**Source data:**
---+---
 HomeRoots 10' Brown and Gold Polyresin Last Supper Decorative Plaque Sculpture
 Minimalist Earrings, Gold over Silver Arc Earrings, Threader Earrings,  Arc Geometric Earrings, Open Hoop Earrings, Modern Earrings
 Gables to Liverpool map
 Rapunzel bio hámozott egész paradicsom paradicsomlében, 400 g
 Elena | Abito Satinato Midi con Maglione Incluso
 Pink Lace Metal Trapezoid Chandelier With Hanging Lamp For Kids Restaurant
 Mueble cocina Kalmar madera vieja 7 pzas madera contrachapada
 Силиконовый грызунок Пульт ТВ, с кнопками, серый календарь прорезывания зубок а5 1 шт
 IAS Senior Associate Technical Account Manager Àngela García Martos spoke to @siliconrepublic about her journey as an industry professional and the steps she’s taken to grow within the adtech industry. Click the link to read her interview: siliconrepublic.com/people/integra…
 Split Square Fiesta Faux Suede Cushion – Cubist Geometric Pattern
---+---
**Description of the task:** Nothing but the lines from the one holding "Mueble cocina Kalmar" to the end of the entries should be returned, each exactly as it stands.

**Result:**
 Mueble cocina Kalmar madera vieja 7 pzas madera contrachapada
 Силиконовый грызунок Пульт ТВ, с кнопками, серый календарь прорезывания зубок а5 1 шт
 IAS Senior Associate Technical Account Manager Àngela García Martos spoke to @siliconrepublic about her journey as an industry professional and the steps she’s taken to grow within the adtech industry. Click the link to read her interview: siliconrepublic.com/people/integra…
 Split Square Fiesta Faux Suede Cushion – Cubist Geometric Pattern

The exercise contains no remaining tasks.